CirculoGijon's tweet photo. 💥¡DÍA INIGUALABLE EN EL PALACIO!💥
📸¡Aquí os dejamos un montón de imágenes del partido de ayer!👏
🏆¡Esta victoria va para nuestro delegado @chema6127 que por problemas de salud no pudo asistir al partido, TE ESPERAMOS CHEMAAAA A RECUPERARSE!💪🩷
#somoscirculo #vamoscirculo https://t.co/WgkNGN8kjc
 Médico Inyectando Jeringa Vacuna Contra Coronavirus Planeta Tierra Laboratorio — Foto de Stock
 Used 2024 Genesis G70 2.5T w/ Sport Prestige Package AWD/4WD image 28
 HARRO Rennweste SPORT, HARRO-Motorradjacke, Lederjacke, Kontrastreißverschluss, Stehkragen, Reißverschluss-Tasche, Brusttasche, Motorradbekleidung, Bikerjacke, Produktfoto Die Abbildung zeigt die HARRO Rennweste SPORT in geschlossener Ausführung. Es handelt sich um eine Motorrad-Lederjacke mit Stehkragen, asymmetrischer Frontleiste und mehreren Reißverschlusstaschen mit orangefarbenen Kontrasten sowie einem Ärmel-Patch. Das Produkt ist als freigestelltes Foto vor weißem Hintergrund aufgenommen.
-------
→ WHAT YOU SHOULD DO
For this exercise, retype the entire listing exactly.

→ OUTPUT BELOW
CirculoGijon's tweet photo. 💥¡DÍA INIGUALABLE EN EL PALACIO!💥
📸¡Aquí os dejamos un montón de imágenes del partido de ayer!👏
🏆¡Esta victoria va para nuestro delegado @chema6127 que por problemas de salud no pudo asistir al partido, TE ESPERAMOS CHEMAAAA A RECUPERARSE!💪🩷
#somoscirculo #vamoscirculo https://t.co/WgkNGN8kjc
 Médico Inyectando Jeringa Vacuna Contra Coronavirus Planeta Tierra Laboratorio — Foto de Stock
 Used 2024 Genesis G70 2.5T w/ Sport Prestige Package AWD/4WD image 28
 HARRO Rennweste SPORT, HARRO-Motorradjacke, Lederjacke, Kontrastreißverschluss, Stehkragen, Reißverschluss-Tasche, Brusttasche, Motorradbekleidung, Bikerjacke, Produktfoto Die Abbildung zeigt die HARRO Rennweste SPORT in geschlossener Ausführung. Es handelt sich um eine Motorrad-Lederjacke mit Stehkragen, asymmetrischer Frontleiste und mehreren Reißverschlusstaschen mit orangefarbenen Kontrasten sowie einem Ärmel-Patch. Das Produkt ist als freigestelltes Foto vor weißem Hintergrund aufgenommen.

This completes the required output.